Anryuth trok een zure blik, ‘Phiz, ben jij dat?’ Phiz was een agent van het rattengilde, een gilde dat overal tegelijkertijd ontstond en allerlei klusjes deed. Niemand wist precies waar ze vandaan kwamen de meest hardnekkige geruchten die het rattengilde achtervolgde was dat ze zich meester hadden gemaakt van het ambacht genaamd spionage. Er gingen zelfs geruchten dat het rattengilde elk keizerrijk in hun klauwen had. Anryuth had echter een hekel aan Phiz en zijn gezicht werd met de seconde zuurder. Phiz was namelijk zo iemand die nog een schuld te vereffenen had met de Warlock. Anryuth werd dankzij Phiz achter tralies gezet, hij zou een vrouw van lichte zeden hebben beroofd. Phiz was in die tijd een bodyguard voor een hoerenloper en elke keer als een vrouw bij hem vandaan kwam kreeg Phiz de opdracht haar te volgen en te beroven, dat ging goed totdat er ook vrouwen van vermogen werden versierd door de fantast en Phiz dankzij zijn werkgever de verkeerde vrouw beroofde, er moest een zondebok komen. Wie beter dan de Ork die net de stad was binnengekomen? Ja Anryuth heeft het achteraf allemaal gehoord van de oude man in zijn kerker, diezelfde man die hem hielp te ontsnappen maar wie hij nooit meer heeft kunnen bedanken. Maar Phiz was hier, en hij kon nu volledig terugbetaald worden.

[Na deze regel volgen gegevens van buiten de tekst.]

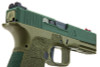 RWC G Zion Cerakote ZKU-II Green EXA 02 Green Gas Airsoft Pistol
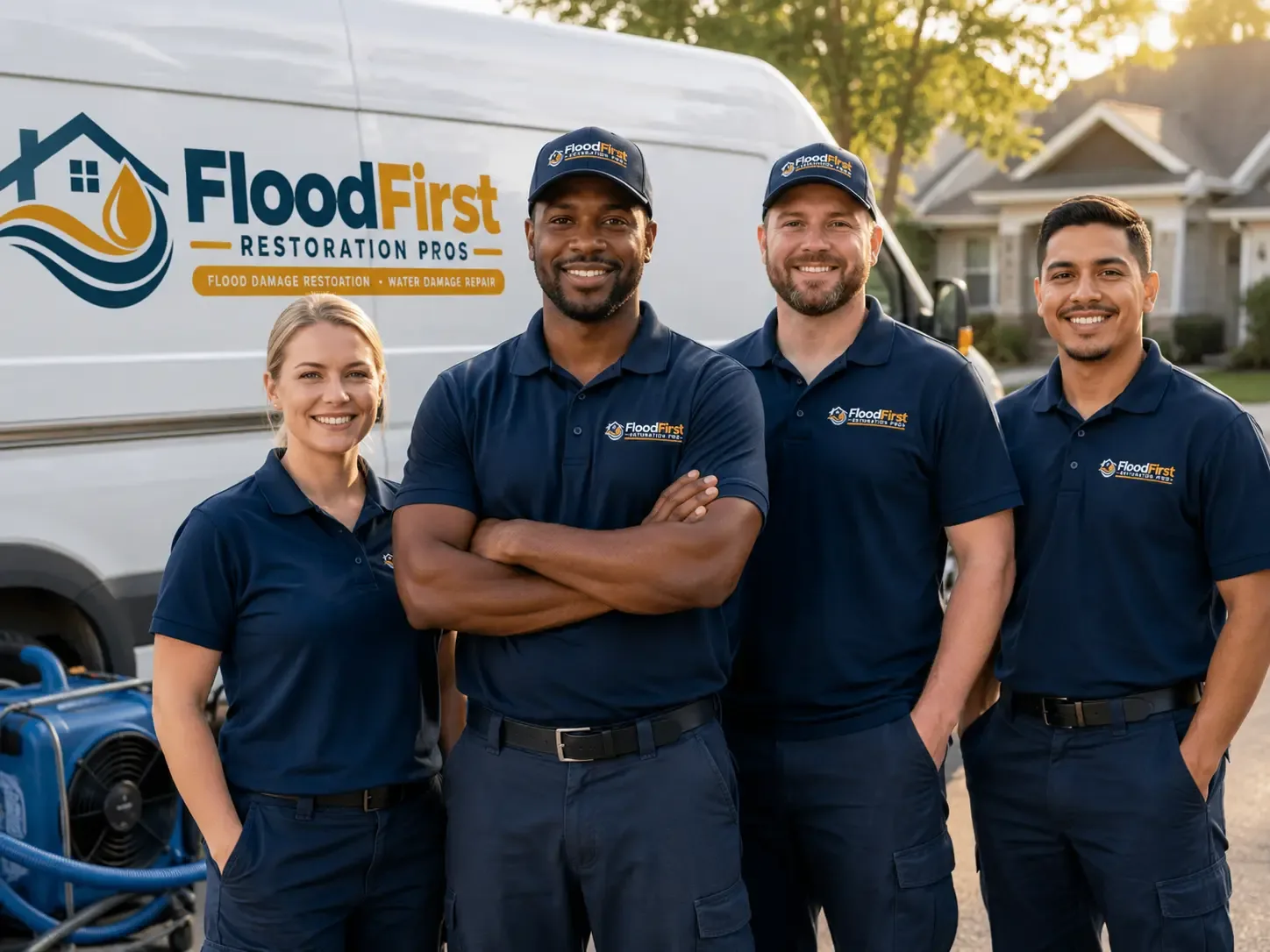 Flood Damage Restoration company in Zuni, NM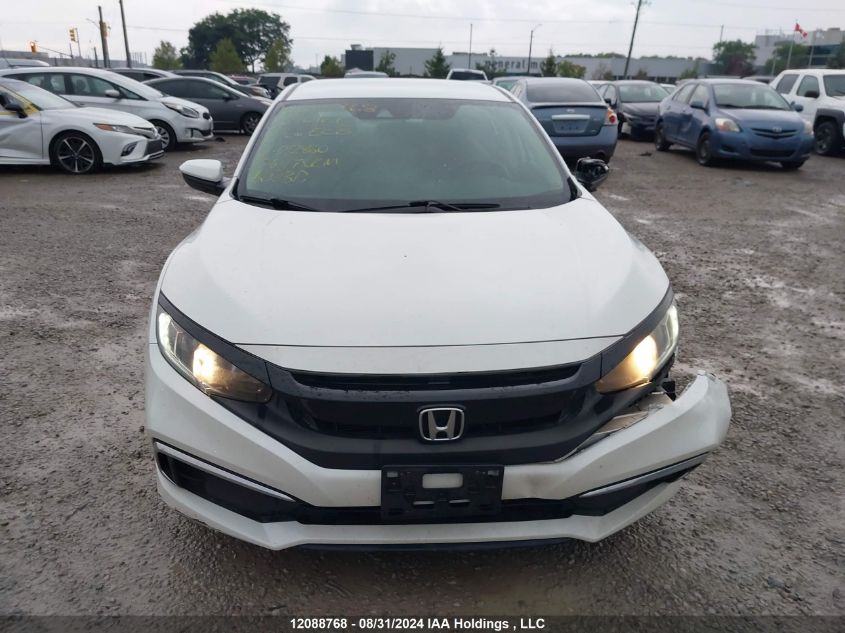 2HGFC2F57LH012860 2020 Honda Civic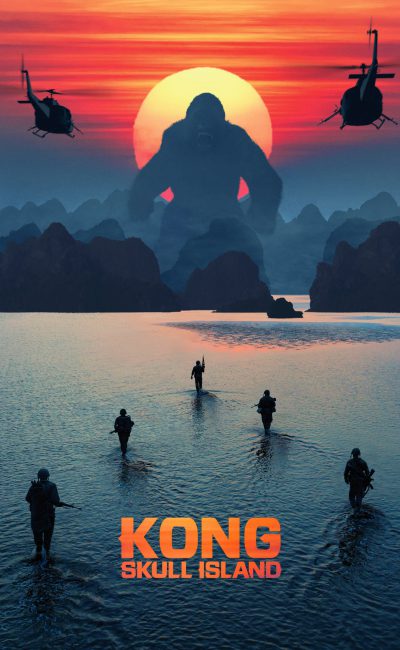 Poster for the movie "Kong: Skull Island"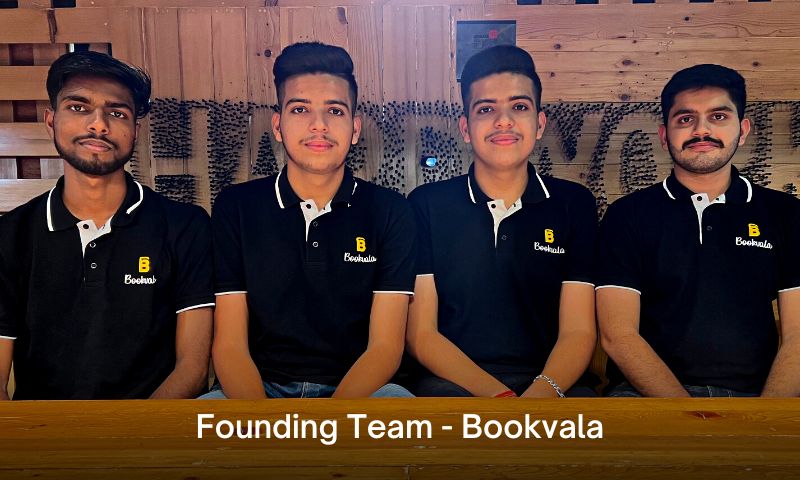 Undergraduate student startup Bookvala raises $180K at a valuation of $1.8M in an ideation round led by leading investors in India.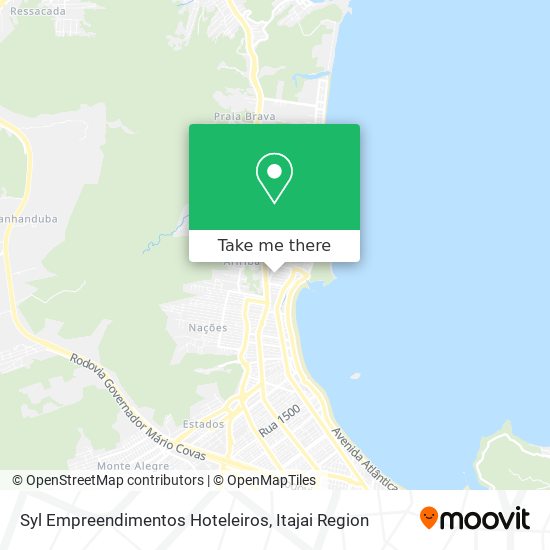 Syl Empreendimentos Hoteleiros map
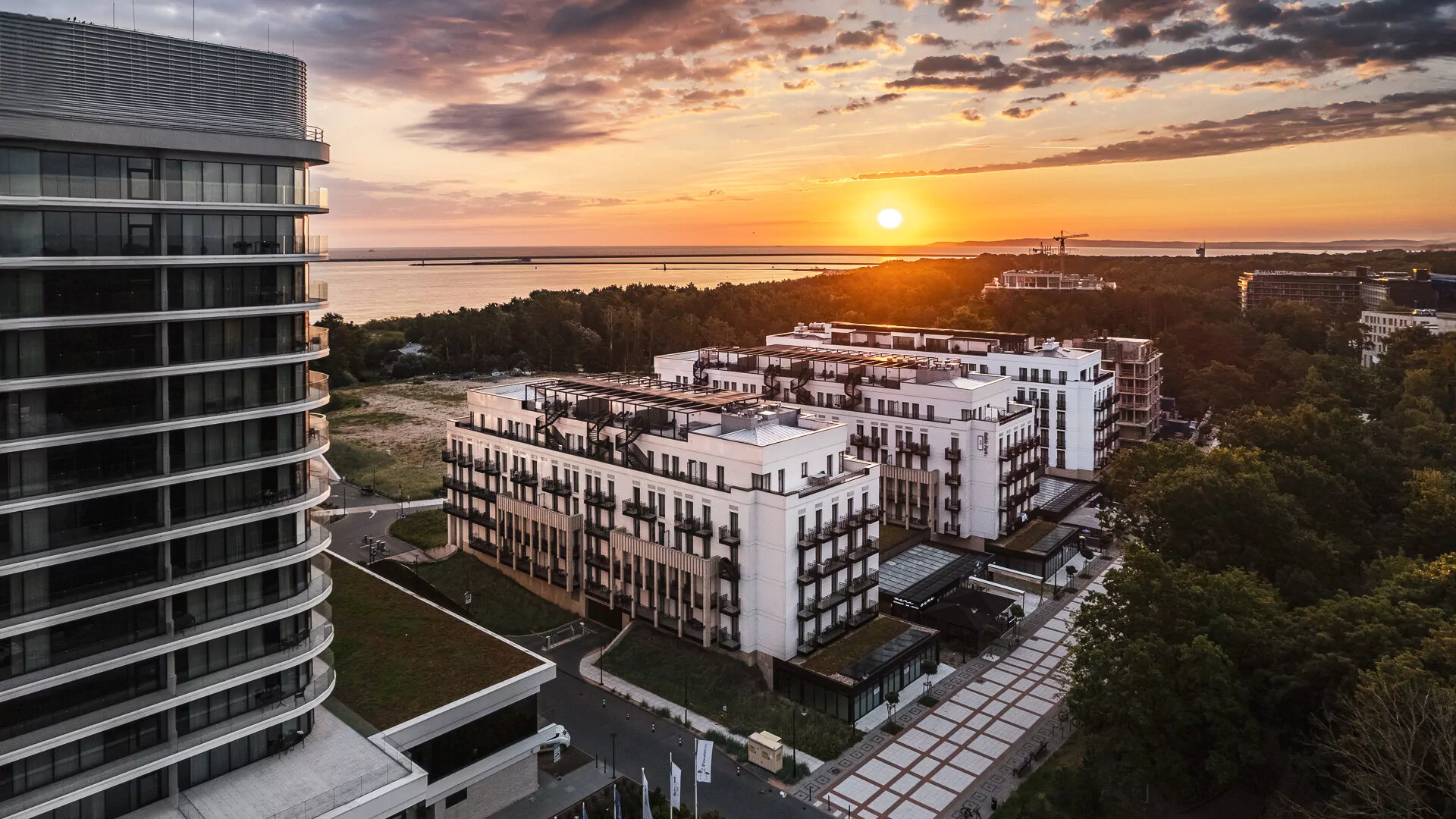 Apartamenty Prywatne Sun Snow W Baltic Park Fort Winouj Cie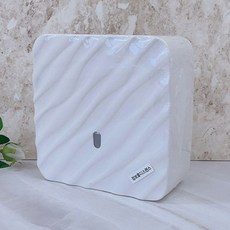 웨이브 무전사 점보롤 디스펜서 대형 화장실 휴지 보관 케이스+한정사은품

Het zure gezicht veranderd in een grimas en de Ork voelde of zijn dolk nog goed in zijn wapenriem zat. ‘Je krijgt de groeten van Brodderlug,’ hoorde hij de rat zeggen. ‘Aah,’ dacht de Ork ik kan twee schulden in een keer vereffenen? Eentje nemen en eentje geven. ‘Welke kerker,’ vroeg Anryuth. De rat knarste met zijn tanden, ‘een transactie, een overeenkomst, ja een afspraak.’ De Ork zijn gezicht verzuurde weer, ‘welke kerker?’ herhaalde hij. De rat begon rondjes te draaien. ‘Mij laten gaan.’ Zei de rat, ‘ik vrij, Brodderlug vrij.’ De Ork had geen keus, hij kon nog altijd een mes in de rug van Phiz draaien, maar hij wist dat Phiz hetzelfde zou doen. Anryuth spuugde op de grond en herhaalde zichzelf weer, ‘welke kerker?’ De rat stopte met rondjes rennen likte aan de grond en antwoordde, ‘fort bij de Noorder poort.’ Anyruth knikte, pakte zijn uitrusting en sloeg zijn cape om. ‘Wat doe je,’ schreeuwde de rat, ‘jij hebt je pactgenoot niet er zijn soldaten, een plan. We moeten een list bedenken, een afleidingsmanoeuvre, ja een plan, een list, ja, ja.’ Anryuth trok een glimlach, dus zelfs de ratgilde wist niets van zijn andere krachten, of deden ze alsof en was dit ook een list? Hoe dan ook de rat had gelijk het was niet slim om zijn andere magie hier los te laten. Niet nu en misschien wel nooit niet. ‘Goed,’ zei de Warlock. ‘Kan je gilde helpen?’ De rat begon te springen ‘volg mij, ja volgen, ja waarheen? Daarheen? Ja, volg.’ Anryuth deed wat de rat hem opdroeg en volgde. Met elke stap die hij zette kreeg hij medelijden met de dwerg.